4. Viva o momento presente!
Pense os momentos preciosos que você está perdendo em sua vida por não viver o momento presente deixando a imaginação vaguear pelo futuro ou preso pela memória ao passado. O agora é um presente de Deus. Tome consciência do valor único e insubstituível desse minuto que você tem o privilégio de viver, esteja chorando ou sorrindo. Este momento é o único em que, na verdade, você pode amar a Deus e ao próximo. Teresa d’Ávila, a grande reformadora do Carmelo, dizia: Quem tem o momento presente tem Deus. Quem tem Deus tem Tudo. Teresinha soube viver a mística do instante e isso está muito presente em uma de suas poesias: Minha vida é só um instante, uma hora que passa. Minha vida é um só dia que se esquiva e foge bem o sabeis, meu Deus! Para vos amar na terra só tenho hoje. Por que se atormentar com a idéia do prolongamento de seus sofrimentos? Aprende a sofrer minuto por minuto: De instante em instante, pode-se aguentar muito, confidenciou Teresinha a Madre Inês.

5. Não perca o ânimo!
Que sua confiança em Deus seja sem limites: A confiança faz milagres… É a confiança, e nada mais a não ser a confiança, que nos deve conduzir ao Amor. Os caminhantes da Pequena Via não desanimam quando a estrada está acidentada, tortuosa. Acha-se muito fraco e pecador? Não pare no meio do caminho. Levante sua cabeça e prossiga. Peça a Jesus para tomar posse de sua alma e fazê-lo forte. Teresinha nos garante que seu caminho é todo de confiança e de amor. Por isso ela não compreende que ainda existam pessoas que tenham medo de um amigo tão terno. Se está difícil viver o evangelho, saiba que ele existe para todos, não para uns poucos privilegiados. A santidade é para todos. Alegre-se em ser pequeno e fraco: Sou de tal natureza que o temor me faz recuar; com o amor não somente avanço, mas vôo.

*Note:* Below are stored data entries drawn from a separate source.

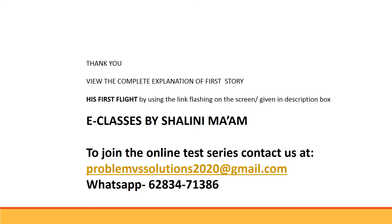Thank you children, that was all for this chapter The Black Aeroplane. In case you want to view the explanation of first story also, the link has been provided in the description box. Keep excelling in English and have a nice day.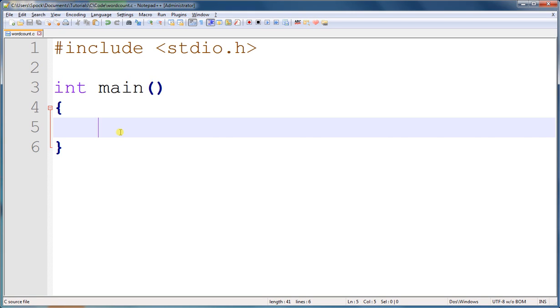In the last tutorial, we created a function that counted the number of words in a string. And in this tutorial, we're going to create something similar.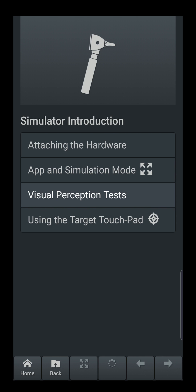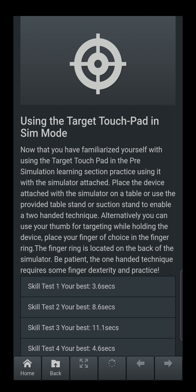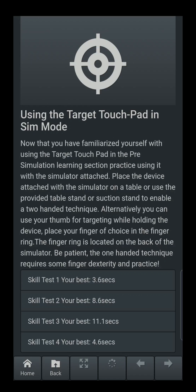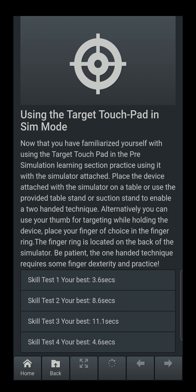From the visual perception test, you must now be able to use the target touchpad with your simulator attached to your phone. There are the same skill tests as in the pre-sim teaching, but now you use them with your simulator attached. Using your otoscope, you look down at the image and use the capacitance touch screen targeting mechanism to move to the target and tap, taking you to the next target.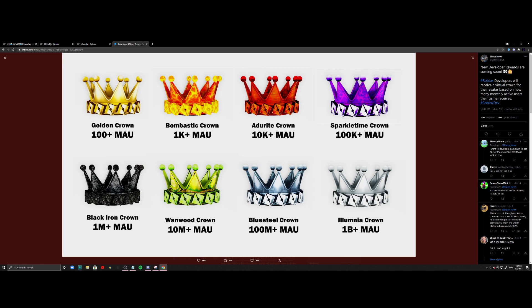100,000 to get the Sparkle Time Black Iron. If you have a million... Blue Steel is 100 million, and Aluminum is 1 billion. How the hell do you get a billion active users? I mean, I don't know.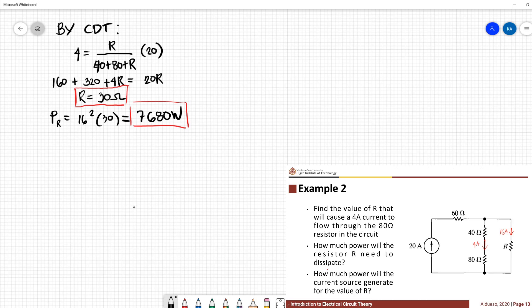The last question is: how much power will the current source generate for the value of R? So what do we need to solve for the power of the 20 ampere current source? To solve power we need V — the voltage across this current source. So let's label this as V.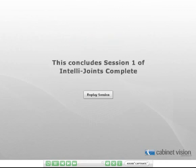This concludes Session 1 of IntelliJoints Complete. If you want to repeat this session, click the Replay Session button. Or, to move ahead to Session 2, return to the main menu.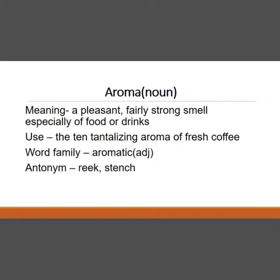Aroma — the noun meaning a pleasant, very strong smell, especially of a food or a drink. The words scent or fragrance can be used for the smell, but aroma is used for the special smell of food or a drink. For example: the tantalizing aroma of fresh coffee. Word family: aromatic.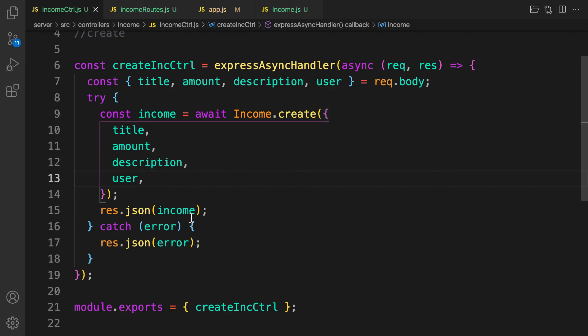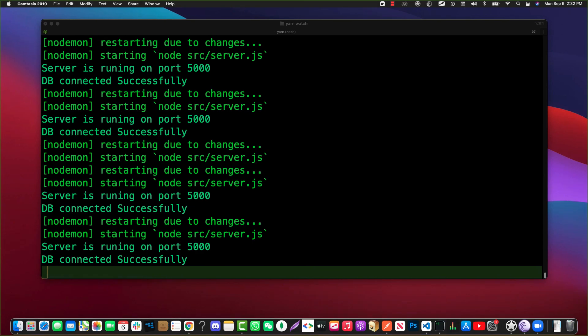Now that we're able to create income, in the next video we are going to fetch all income by creating a fetch income controller.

Está aí, brevemente, as grandes linhas da Pequena Via. Um projeto de vida simples e audacioso ao mesmo tempo. Durante a concelebração Eucarística no Dia das Missões de 1997, quando proclamou Teresinha Doutora da Igreja, o Papa João Paulo II disse, a propósito da Pequena Via: ela é uma via ao alcance de todos… caminho da confiança e do abandono total de si mesmo à graça do Senhor. Não se trata de uma via a ser banalizada, como se fosse menos exigente. Na realidade, ela é exigente, como o é sempre o Evangelho. Mas é uma via impregnada do sentido do abandono confiante à misericórdia divina, que torna suave até mesmo o mais rigoroso empenho espiritual. Agradeçamos a Deus porque Teresinha nos impele à santidade de forma tão descomplicada!

 

SANTA TERESINHA DO MENINO JESUS
(Revista Arautos do Evangelho, Out/2005, n. 46  e  Set/2004, n. 33)

O que tanto atrai em Santa Teresinha, cuja devoção se tornou universal em pouco tempo?  Falecida aos 24 anos, ela continua a nos sorrir e a nos convidar  a seguir uma nova via de santificação, a “pequena via”, acessível a todos. Na tarde de 30 de setembro de 1897, uma cena inesquecível desdobrava-se na enfermaria do Carmelo de Lisieux. Cercada de toda a comunidade ajoelhada em torno de seu leito de dores, Santa Teresinha do Menino Jesus, fitando os olhos no crucifixo, pronunciava suas últimas palavras nesta terra de exílio: – Oh! eu O amo… Meu Deus… eu… Vos amo! Subitamente, seus amortecidos olhos de agonizante recuperam vida e fixam-se num ponto abaixo da imagem de Nossa Senhora. Seu rosto retoma a aparência juvenil de quando ela gozava de plena saúde. Parecendo estar em êxtase, ela fecha os olhos e expira. Um misterioso sorriso aflora-lhe aos lábios e aumenta a formosura de sua fisionomia. “Eu não morro, eu entro na Vida”, havia ela escrito poucos meses antes.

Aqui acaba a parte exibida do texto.